Economy Minister Seiji Maehara said Japan needs more monetary easing and policy efforts to encourage growth.
“There are fiscal-easing moves worldwide, but on a monetary basis Japan is falling short,” Maehara said yesterday on a Fuji Television program. While “easing is not a panacea,” without that and policy moves “Japan’s sovereign credit rating may face a downgrade,” he said.
Yen Longs
Traders cut bets the yen will gain versus the dollar, figures from the Washington-based Commodity Futures Trading Commission show. The difference in the number of wagers by hedge funds and other large speculators on a rise in the yen compared with those on a drop -- so-called net longs -- was 10,086 on Oct. 16, compared with net longs of 12,914 a week earlier.In Europe, an index of consumer confidence was probably minus 25.9 in October, unchanged from the previous month and the lowest since May 2009, according to the median estimate of economists in a separate Bloomberg poll before tomorrow’s data.
The Australian dollar fell for a third day against the U.S. currency before a report this week that may show gains in consumer prices held near the smallest in 13 years.
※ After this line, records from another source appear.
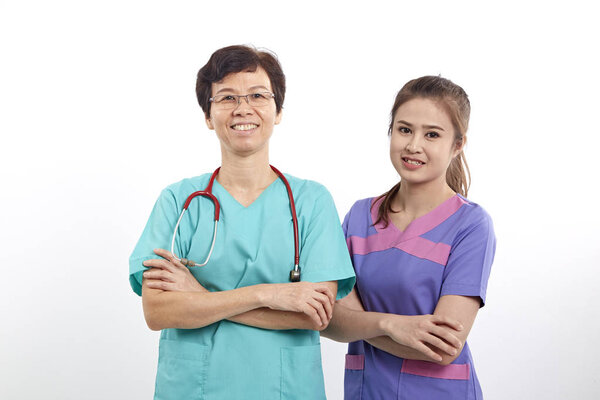 Two Medical person Nurse  young doctor portrait Confident young woman medical professional isolated on white background Young pretty multiracial Asian Caucasian female model
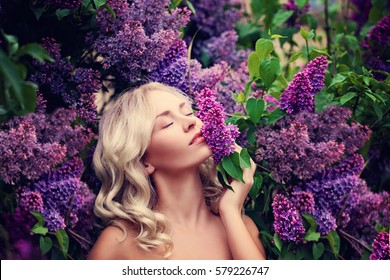 Beautiful Woman Enjoying The Smell Of Lilac. Cute Model And Flowers. Aromatherapy And Spring Concept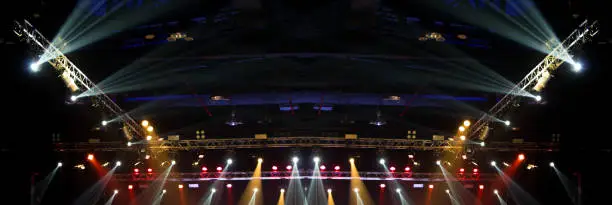 Performance moving lighting on construction light beam ray downward in yellow blue color, on Concert and Fashion Show stage ramp. LED par new technology to save power more color and high density Light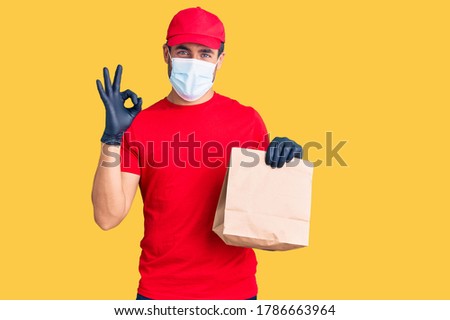 Young hispanic man delivering food wearing covid-19 safety mask holding paper bag doing ok sign with fingers, smiling friendly gesturing excellent symbol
The so-called trimmed mean gauge of core consumer prices in Australia probably rose 2.2 percent in the three months ended Sept. 30 from a year earlier, a Bloomberg survey showed before the statistics bureau publishes the report on Oct 24. That compares with a 2 percent increase in the previous quarter, the slowest pace since June 1999.
Aussie Dollar
“The Aussie is soft and likely to remain soft heading into the inflation release,” said Emma Lawson, a Sydney-based foreign-exchange strategist at National Australia Bank Ltd. “The currency is looking at the broader global conditions this week and we’re clearly starting off on a more subdued note.”Australia’s dollar fell 0.1 percent to $1.0317 after dropping 0.5 percent in the previous two days.